Prove recenti indicano che l’effetto illusorio della verità non è moderato dallo stile o dall’abilità di pensiero di una persona, la percezione della precisione delle notizie è influenzata da meccanismi di elaborazione delle informazioni di basso livello, ad esempio la fluidità, che non sono apparentemente interrotti da processi di ragionamento di più alto livello.
Le notizie false possono essere un caso in cui la propensione a pensare in modo scettico e analitico è un fattore determinante per la convinzione e l’impegno nei social media. Una domanda centrale è se il credere alle notizie false rappresenti un interessante esempio dell’esercizio di un tratto comune, vale a dire essere poco scettici accettando una vasta gamma di affermazioni, insomma essere un po’ creduloni, un tratto in contrasto con il mettere in discussione le proprie prime intuizioni, quelle più istintive e viscerali.
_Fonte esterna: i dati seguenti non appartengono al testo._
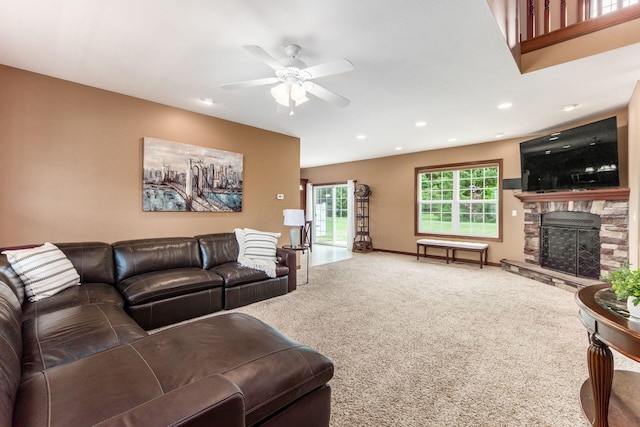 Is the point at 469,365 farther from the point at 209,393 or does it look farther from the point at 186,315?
the point at 186,315

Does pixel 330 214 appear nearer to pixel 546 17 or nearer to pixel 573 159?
pixel 573 159

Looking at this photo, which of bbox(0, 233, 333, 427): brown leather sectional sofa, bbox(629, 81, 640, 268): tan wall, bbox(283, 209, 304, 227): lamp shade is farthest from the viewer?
bbox(283, 209, 304, 227): lamp shade

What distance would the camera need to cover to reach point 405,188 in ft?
23.3

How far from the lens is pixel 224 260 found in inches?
148

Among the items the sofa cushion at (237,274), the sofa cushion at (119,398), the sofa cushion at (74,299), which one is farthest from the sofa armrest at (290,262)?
the sofa cushion at (119,398)

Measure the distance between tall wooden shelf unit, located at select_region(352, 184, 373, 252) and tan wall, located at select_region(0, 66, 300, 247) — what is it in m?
4.20

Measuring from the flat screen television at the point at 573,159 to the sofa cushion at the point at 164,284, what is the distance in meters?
5.28

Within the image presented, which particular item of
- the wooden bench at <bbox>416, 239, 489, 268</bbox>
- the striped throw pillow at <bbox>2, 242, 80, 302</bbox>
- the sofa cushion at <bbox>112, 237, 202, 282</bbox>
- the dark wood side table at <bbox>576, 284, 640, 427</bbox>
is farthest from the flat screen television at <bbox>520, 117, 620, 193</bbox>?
the striped throw pillow at <bbox>2, 242, 80, 302</bbox>

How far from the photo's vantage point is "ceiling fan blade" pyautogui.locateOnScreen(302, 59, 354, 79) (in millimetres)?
2105

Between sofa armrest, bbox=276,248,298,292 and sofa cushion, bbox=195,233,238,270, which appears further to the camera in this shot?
sofa armrest, bbox=276,248,298,292

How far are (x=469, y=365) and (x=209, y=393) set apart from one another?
6.70 ft

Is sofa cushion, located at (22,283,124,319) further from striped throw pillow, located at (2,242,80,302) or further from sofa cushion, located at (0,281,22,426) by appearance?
sofa cushion, located at (0,281,22,426)

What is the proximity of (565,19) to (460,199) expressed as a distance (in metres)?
3.86

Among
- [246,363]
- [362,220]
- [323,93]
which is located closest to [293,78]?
[323,93]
La conoscenza umana è caratterizzata da una distinzione tra processi autonomi e intuitivi e processi deliberativi e analitici. Sembra che le persone che tendono a pensare in modo analitico siano meno suscettibili alle notizie false, indipendentemente dalla conoscenza della fonte della notizia e indipendentemente dalla familiarità del titolo. Sembra quindi che pensare in modo analitico faciliti il riconoscimento delle notizie false prendendo in considerazione il contenuto del titolo, come ad esempio il fatto che questo sia poco plausibile.
La ricerca di Pennycook et al. presenta certamente alcuni limiti, ad esempio ai partecipanti venivano fatti leggere solo i titoli delle notizie e si chiedeva loro di giudicarne l’accuratezza e in alcuni casi di indicare se le avrebbero condivise sui social media. I partecipanti non avevano la possibilità di leggere tutto l’articolo, una scelta basata sul fatto che spesso le persone si limitano alla lettura del titolo sui social media. Questo però lascia un dubbio sul fatto che la percezione di accuratezza della notizia sia influenzata dal tratto intuitivo e poco scettico di cui parlavamo o da qualcosa di particolare nel titolo della notizia.
Questa ricerca ha trovato le prove di importanti differenze individuali che si manifestano in un’ampia gamma di compiti proposti ai soggetti partecipanti. Le persone più suscettibili alle notizie false sono anche quelle che tendono a sopravvalutare la propria conoscenza (ad esempio di fronte a una lista di nomi storici inventati, trovano familiare ciò che in realtà non esiste), credono di essere riflessive ma invece si basano molto di più sull’istinto e sono anche persone che ottengono punteggi più bassi in test sul pensiero analitico.
Tutto questo sembra basarsi su un singolo elemento, accettare senza scetticismo una vasta gamma di affermazioni indipendentemente dal loro valore scientifico. Certamente servono ulteriori ricerche ma sembra che queste siano le basi per spostarsi verso un’apertura mentale più riflessiva ed evitare di credere alle notizie false.
- Pennycook, G., Rand, D., G. Who falls for fake news? The roles of bullshit receptivity, overclaiming, familiarity, and analytic thinking. Journal of Personality. 2020; 88:185–200.